Closed n1243645679976 closed 3 years ago
Hi @n1243645679976!
The table that you have mentioned presents the WER scores on libri-test-clean
so you do not need to add any SNR related arguments. You can simply use the test.py
/test_enhanced.py
. The command seems to have --model-path
missing, you should probably add that unless you have hard-coded it at your end. I have made minor edits to test.py
and added 'utils_orig.py` which should eliminate some of the errors. Note that greedy decoding (viterbi decoding) is the default setting.
Hope this helps! Best, Archiki
Thanks for your quick response and explanation!
I am trying the test_enhanced.py
for testing now, but the noise-related code(L36, L40-41, L90-91, L106-114, L154) still gives me error message, so I comment them and force it to evaluate. If there's any problem, I'll comment in this issue again.
By the way, can I ask for the log of training/develop loss and the checkpoint after finetuning?
I want to use it to compare with my experiment results.
best, Cheng-Hung Hu.
I am not sure about which lines you are referring to (L36 is the parser code for epochs), but one quick fix is to supply the SNR arguments but keep --noise-dir
as empty or none, and --noise-prob 0
. This will not add any noise and the evaluation can proceed.
Hi @archiki,
I'm testing with test_enhanced.py
, so for example, L36 means here. I doesn't change the parameters about audio_conf_noise such as noise-prob, noise-dir since the noise-prob is given 0 in your code and the target test set is already noisy.

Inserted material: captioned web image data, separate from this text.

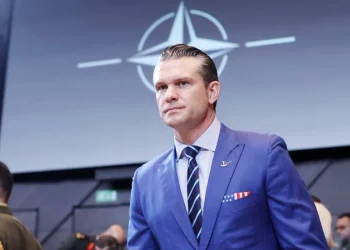 Acordo de Trump com Rússia “não é traição”  à Ucrânia, diz Pete Hegseth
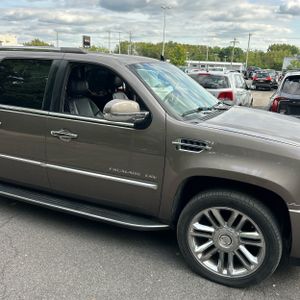 2013 Cadillac ESCALADE ESV LUXURY — фото 13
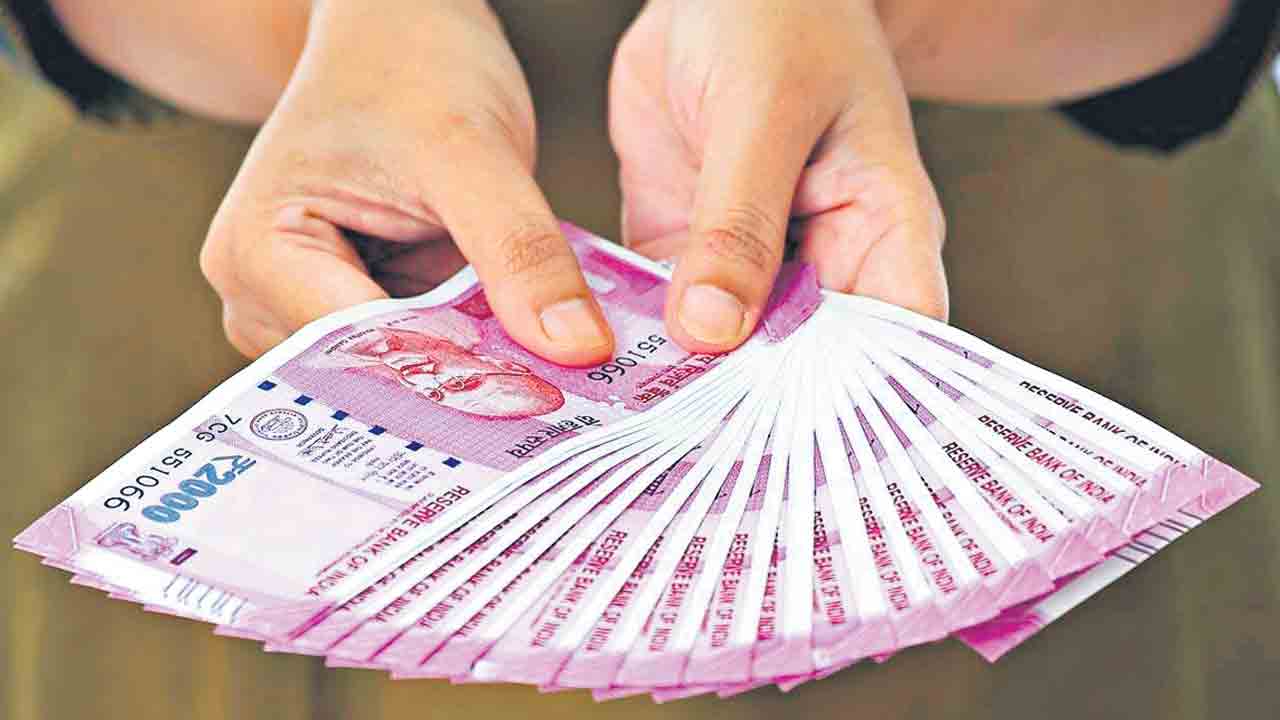 మైనార్టీలకు ఆర్ధిక చేయుత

Here's the process I test the noisy dataset.
I modified the test_enhanced.py as I comment two days ago, where L154 is modified to half=args.half, wer_dict= wer_dict)
(remove the args.SNR)
Then, after I grouped the .wav files in the customed dataset(test_noisy_speech) by SNR and the type of noise, I tested them with the pretrained model, and I found the WER and the CER is different from the result shown in Table2 in your paper
For instance, the Talbe shows the WER of Car 0dB is 35.0, but the WER I got is 45.683.
My problem is :
best, Cheng-Hung Hu
Hey @n1243645679976 ,
I fixed the edit you suggested in L154 of test_enhanced.py
. However, at my end, I am able to reproduce the results mentioned in the table. I am attaching an image of the command as well as the results generated. I hope this will give you some clarity.

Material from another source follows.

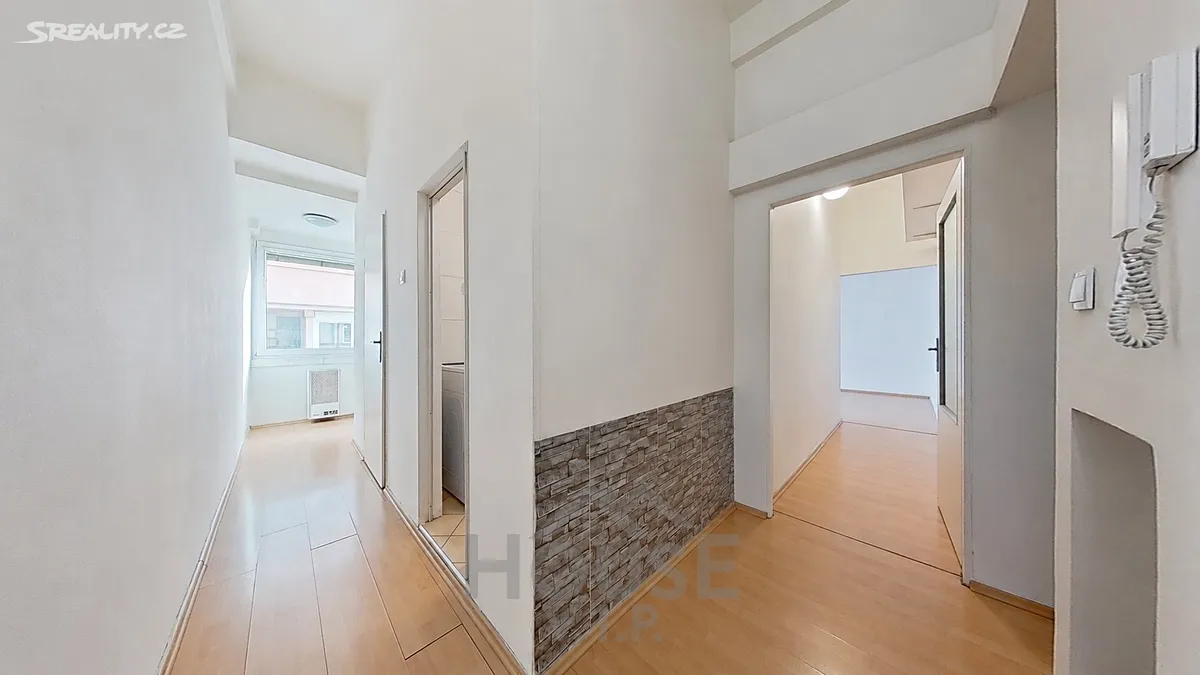 Pronájem bytu 2+1 53 m² - View 2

So the answer to your question 1 is yes, it's the same model. The answer to your question 2, is difficult for me to say since I don't have access to your setup. However, I have provided the test set used as you mentioned. I would recommend you double-check your manifest files, to ensure that you have matched the audio file with the correct transcript text. You should also check if you are able to re-create the clean WER of 10.3 using the standard libri-test-clean
set.
Then, after I grouped the .wav files in the customed dataset(test_noisy_speech) by SNR and the type of noise, I tested them with
I am not sure what you mean by this, there is no need for you to group anything. As long as add all the files in the test_noisy_speech
to the manifest appropriately, the testing code can group the files by noise-type and SNR. Hope this helps.
Best, Archiki
Hi @archiki,
Thank you for running the experiment and the image is very helpful!
I can reproduce the experiment result now!
I found that the way to derive WER in your table and in the row starting with Test Summary
are different and this is the point...
This is what happened:
First, I just misunderstood that the way to derive WER in your table and in the row staring with Test Summary
are the same.
I comment the print_summary
part in your code(L106-L114) because I think even if I group the wavfiles by SNR and noise type and test them only, it will still give me the same result with those in the table.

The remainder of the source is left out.